* The data *
+-------+
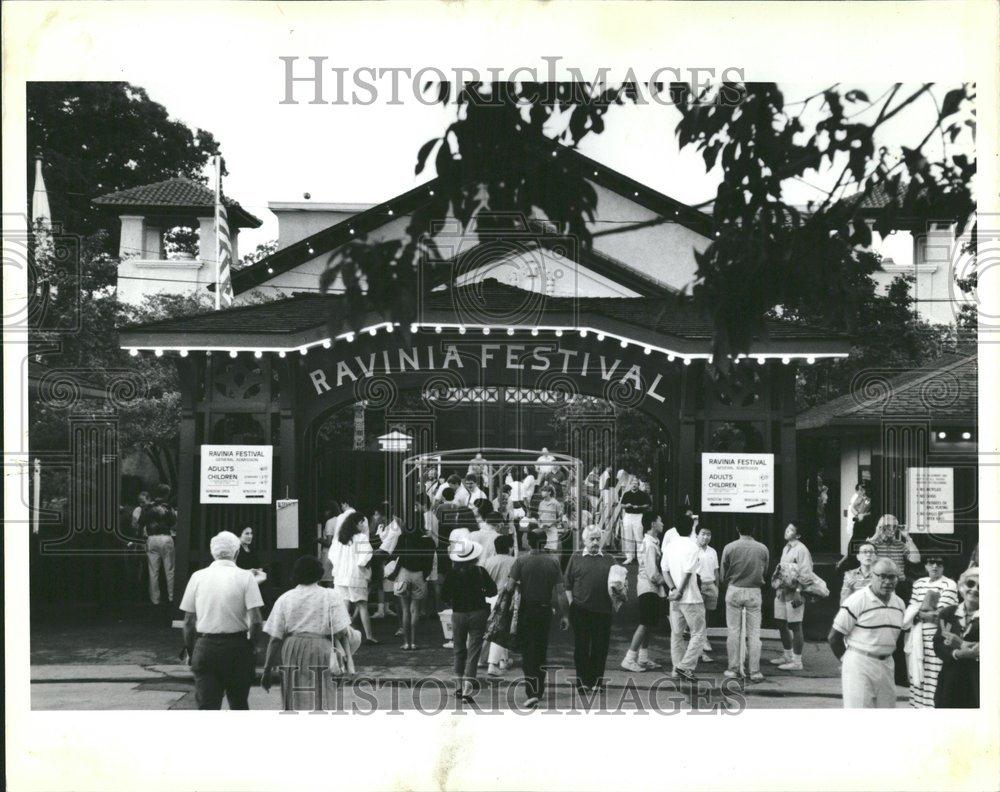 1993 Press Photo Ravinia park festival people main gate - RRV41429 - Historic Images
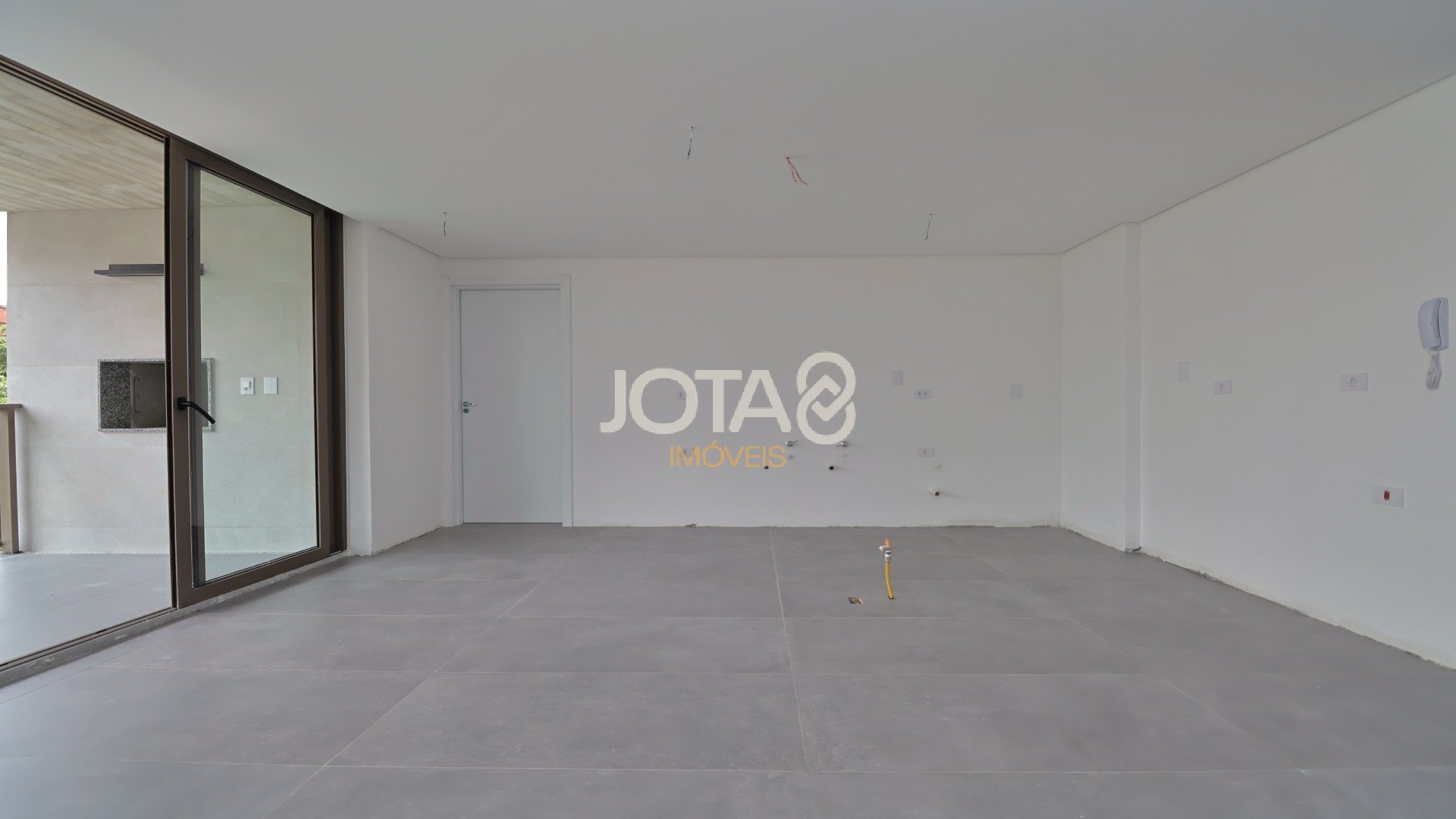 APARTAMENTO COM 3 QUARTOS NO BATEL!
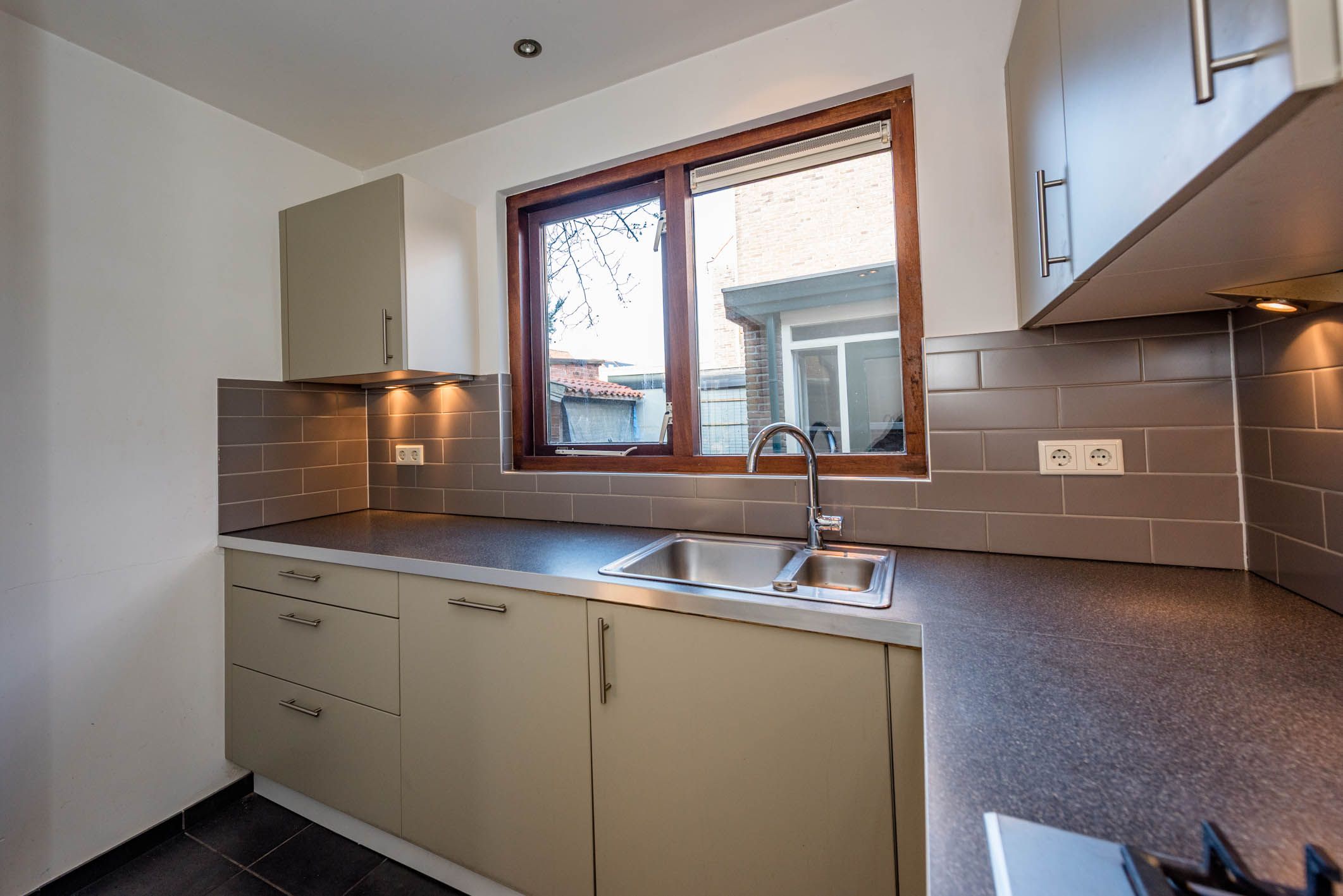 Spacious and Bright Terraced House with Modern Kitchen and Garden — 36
+-------+
* Your task *
Each line above should be written out again unchanged; no images are to be carried over.

* Solution to this problem *
 1993 Press Photo Ravinia park festival people main gate - RRV41429 - Historic Images
 APARTAMENTO COM 3 QUARTOS NO BATEL!
 Spacious and Bright Terraced House with Modern Kitchen and Garden — 36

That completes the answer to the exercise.